China Export Volumes and Values: Recent reports on China’s economic performance continue to emphasize slow to negative outcomes. Bloomberg reports, “It was meant to be the year China’s economy, unshackled from the world’s strictest Covid-19 controls, roared back to help power global growth. Instead, halfway through 2023, it’s facing a confluence of problems: Sluggish consumer spending, a crisis-ridden property market, flagging exports, record youth unemployment and towering local government debt. The impact of these strains is starting to reverberate around the globe, impacting everything from commodity prices to equity markets.” (More and more.) China has the capacity to export more and wants to export more, but especially as North American and European central banks try to depress demand to moderate inflation, existing pull is not motivating anything close to maximum push.

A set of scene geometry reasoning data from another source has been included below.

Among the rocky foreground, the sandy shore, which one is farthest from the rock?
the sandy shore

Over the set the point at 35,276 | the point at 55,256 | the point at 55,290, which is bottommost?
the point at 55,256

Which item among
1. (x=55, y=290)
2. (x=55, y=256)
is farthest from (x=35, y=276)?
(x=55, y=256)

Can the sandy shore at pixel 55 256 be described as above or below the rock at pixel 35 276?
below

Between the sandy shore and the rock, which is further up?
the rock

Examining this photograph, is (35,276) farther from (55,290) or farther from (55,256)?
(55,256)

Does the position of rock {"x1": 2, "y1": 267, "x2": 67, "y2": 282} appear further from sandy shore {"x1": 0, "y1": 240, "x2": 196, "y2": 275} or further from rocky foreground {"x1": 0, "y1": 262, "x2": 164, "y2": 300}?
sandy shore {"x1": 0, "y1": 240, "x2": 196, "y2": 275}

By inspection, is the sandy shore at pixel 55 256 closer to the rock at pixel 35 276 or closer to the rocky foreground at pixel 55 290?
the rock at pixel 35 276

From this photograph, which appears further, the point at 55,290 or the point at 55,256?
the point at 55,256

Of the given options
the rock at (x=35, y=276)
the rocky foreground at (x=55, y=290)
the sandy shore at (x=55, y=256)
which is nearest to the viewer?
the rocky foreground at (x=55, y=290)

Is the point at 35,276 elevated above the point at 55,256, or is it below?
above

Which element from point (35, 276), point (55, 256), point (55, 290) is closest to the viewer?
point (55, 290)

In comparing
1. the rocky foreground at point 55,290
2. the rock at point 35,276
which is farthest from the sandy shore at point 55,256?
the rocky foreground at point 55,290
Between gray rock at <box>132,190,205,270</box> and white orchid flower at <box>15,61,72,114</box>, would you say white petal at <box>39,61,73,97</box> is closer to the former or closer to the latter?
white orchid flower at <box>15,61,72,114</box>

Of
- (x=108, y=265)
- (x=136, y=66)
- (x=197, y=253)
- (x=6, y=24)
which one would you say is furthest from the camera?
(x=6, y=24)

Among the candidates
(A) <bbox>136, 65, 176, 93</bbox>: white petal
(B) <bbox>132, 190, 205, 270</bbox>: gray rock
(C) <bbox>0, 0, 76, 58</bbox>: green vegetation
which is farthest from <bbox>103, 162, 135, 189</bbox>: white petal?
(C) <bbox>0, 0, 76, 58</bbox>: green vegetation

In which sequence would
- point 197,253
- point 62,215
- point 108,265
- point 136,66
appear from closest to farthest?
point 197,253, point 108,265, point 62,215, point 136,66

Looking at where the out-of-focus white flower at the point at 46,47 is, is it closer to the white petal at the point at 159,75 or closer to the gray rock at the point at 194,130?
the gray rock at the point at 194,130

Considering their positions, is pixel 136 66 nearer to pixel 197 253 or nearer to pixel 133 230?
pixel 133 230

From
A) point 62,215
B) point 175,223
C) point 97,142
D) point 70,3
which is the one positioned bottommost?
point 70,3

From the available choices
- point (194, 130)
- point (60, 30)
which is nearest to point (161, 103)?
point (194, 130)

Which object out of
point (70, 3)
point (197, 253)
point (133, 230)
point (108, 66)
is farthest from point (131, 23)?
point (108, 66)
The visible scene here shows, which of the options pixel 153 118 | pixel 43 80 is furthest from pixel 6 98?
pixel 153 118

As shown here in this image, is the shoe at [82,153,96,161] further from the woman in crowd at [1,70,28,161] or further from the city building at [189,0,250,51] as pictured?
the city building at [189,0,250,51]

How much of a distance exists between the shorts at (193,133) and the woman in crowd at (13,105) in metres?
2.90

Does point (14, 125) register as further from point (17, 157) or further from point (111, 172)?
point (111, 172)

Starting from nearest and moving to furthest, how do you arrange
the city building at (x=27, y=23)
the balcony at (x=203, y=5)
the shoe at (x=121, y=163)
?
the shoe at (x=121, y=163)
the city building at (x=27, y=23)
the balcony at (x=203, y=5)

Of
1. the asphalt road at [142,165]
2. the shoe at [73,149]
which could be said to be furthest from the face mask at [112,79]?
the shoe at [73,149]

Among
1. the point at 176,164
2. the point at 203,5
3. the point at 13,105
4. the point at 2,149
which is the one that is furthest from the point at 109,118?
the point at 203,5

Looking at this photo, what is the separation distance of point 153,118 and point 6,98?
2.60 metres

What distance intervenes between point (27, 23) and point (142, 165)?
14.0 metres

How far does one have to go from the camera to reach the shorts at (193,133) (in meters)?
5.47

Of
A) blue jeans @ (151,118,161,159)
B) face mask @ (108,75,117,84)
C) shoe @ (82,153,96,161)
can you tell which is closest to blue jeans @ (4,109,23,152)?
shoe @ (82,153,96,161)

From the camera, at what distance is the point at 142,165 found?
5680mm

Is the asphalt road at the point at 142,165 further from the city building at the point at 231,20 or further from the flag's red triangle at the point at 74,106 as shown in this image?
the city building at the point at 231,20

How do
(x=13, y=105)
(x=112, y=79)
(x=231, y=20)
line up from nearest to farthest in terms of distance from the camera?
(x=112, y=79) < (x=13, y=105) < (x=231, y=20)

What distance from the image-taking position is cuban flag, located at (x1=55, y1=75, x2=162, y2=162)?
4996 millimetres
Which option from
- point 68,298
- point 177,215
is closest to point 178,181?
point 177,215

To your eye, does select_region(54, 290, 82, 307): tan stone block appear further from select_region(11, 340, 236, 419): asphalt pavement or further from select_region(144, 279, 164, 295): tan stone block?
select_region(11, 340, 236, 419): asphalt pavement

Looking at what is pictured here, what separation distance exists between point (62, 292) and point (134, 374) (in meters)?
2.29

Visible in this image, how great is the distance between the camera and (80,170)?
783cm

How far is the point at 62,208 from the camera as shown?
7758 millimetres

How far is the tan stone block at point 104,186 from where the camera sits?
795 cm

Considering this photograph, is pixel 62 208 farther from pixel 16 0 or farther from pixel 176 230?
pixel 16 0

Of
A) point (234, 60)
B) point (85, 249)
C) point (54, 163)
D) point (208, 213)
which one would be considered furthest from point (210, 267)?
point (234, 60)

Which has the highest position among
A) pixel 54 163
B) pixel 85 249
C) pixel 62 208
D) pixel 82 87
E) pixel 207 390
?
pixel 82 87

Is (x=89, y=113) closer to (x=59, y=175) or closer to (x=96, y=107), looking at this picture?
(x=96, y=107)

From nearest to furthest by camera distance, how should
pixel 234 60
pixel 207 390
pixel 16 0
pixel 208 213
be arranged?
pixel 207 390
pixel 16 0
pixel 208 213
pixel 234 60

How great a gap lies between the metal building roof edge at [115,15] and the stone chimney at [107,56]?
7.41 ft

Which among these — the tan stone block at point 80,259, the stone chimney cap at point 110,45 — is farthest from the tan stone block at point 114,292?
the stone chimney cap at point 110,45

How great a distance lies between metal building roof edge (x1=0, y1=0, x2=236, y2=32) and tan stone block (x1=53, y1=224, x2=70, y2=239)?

North American Grid Capacity: Texas has been providing a constructive use case playing out in real-time. Here is this blog’s recent coverage (be sure to see updates below the graphics). Here is a blurb that I have inserted in many recent emails: There are systemic, structural issues of grid transformation that increase the likelihood of grid failures — and these factors will almost certainly NOT be resolved in the next decade. There are specific issues of increasing demand (e.g., EV and other electrification, especially in high-growth regions), transmission/distribution (e.g., paucity of long-distance high capacity confident connections), and generation (e.g., changing mix of sources) that conflate to amplify risk. So, given this higher risk of long-term, wide-area grid failure, it is especially important that we (meaning private-public collaboratives) have the ability to facilitate flows of water, food, fuel, and other crucial freight when and where the grid is gone for an extended time over a wide area.

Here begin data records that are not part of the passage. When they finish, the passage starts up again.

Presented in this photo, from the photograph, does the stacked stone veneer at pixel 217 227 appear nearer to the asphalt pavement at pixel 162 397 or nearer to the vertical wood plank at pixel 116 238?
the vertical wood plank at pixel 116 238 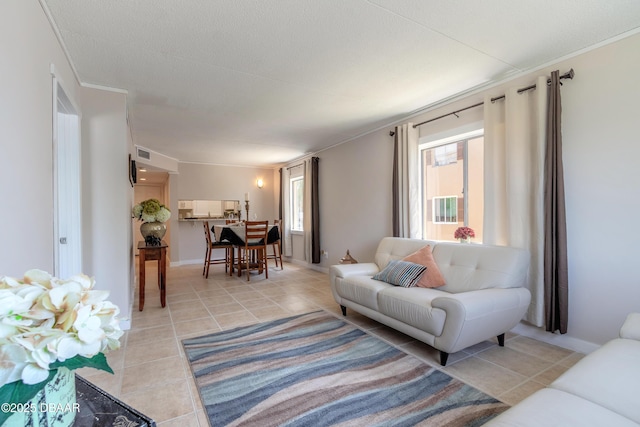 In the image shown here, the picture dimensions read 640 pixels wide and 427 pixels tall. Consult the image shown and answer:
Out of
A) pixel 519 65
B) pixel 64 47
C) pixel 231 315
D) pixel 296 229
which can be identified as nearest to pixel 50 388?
pixel 64 47

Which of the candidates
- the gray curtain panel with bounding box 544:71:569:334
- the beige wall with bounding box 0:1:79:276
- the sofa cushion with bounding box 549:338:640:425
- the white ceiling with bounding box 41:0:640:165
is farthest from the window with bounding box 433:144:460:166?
the beige wall with bounding box 0:1:79:276

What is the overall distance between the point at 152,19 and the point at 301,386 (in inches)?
101

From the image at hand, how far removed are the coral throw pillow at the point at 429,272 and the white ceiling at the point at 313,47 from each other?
1.69 metres

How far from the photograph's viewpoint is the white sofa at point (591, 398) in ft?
3.17

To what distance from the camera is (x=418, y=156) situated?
3.74m

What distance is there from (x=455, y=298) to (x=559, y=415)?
1.10 m

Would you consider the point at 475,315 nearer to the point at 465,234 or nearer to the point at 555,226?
the point at 555,226

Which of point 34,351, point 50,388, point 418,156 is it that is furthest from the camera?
point 418,156

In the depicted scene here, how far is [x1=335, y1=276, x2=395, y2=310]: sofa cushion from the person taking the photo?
9.05ft

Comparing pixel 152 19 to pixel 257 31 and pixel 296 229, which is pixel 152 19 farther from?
pixel 296 229

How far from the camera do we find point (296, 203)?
23.1ft

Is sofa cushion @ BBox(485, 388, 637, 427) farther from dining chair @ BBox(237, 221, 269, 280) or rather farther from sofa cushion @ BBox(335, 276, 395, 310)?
dining chair @ BBox(237, 221, 269, 280)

US Personal Consumption Expenditures: This blog tends to give particular attention to food PCE (both nominal and real). This was updated yesterday here.

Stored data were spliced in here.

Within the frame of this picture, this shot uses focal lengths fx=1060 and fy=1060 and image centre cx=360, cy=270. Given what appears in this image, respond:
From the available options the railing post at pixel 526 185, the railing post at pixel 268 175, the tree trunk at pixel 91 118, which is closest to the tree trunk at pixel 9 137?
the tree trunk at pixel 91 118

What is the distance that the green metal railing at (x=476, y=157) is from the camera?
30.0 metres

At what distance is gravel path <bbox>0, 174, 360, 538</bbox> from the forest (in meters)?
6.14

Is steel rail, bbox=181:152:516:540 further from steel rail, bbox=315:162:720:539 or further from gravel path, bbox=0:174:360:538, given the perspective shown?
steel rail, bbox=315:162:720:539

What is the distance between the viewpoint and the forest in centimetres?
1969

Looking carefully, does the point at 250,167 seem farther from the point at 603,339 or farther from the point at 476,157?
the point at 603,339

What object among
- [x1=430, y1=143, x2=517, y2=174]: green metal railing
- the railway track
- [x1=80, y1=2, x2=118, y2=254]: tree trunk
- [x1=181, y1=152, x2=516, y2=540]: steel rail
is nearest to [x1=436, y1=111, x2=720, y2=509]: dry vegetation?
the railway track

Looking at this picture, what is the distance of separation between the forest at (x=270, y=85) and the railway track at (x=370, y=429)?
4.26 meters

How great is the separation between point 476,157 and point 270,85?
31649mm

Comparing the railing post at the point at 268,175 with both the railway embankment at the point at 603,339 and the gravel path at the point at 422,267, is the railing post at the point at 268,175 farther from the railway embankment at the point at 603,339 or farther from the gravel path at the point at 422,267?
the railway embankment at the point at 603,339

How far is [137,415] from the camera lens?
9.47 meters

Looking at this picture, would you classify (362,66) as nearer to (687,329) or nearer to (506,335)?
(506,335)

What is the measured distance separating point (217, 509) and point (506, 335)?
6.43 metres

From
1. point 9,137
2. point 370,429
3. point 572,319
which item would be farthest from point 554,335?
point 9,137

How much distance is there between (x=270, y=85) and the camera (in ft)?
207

Soooo… many aspects of demand have moderated and demand/supply equilibrium has been (is being) reestablished. Where and when demand has increased, there has — so far — usually been sufficient push capacity to fulfill pull capacity. There are upstream factors that threaten to constrain some push capacity. There are risks of sudden spikes in demand. There is probably enough buffer capacity to handle short-term and tightly targeted spikes. If demand spikes evolve into longer-term surges there is an increasing risk of demand/supply disequilibrium amplified by any lags in distribution capacity or loss of production capacity… especially as disequilibrium expands over time and space.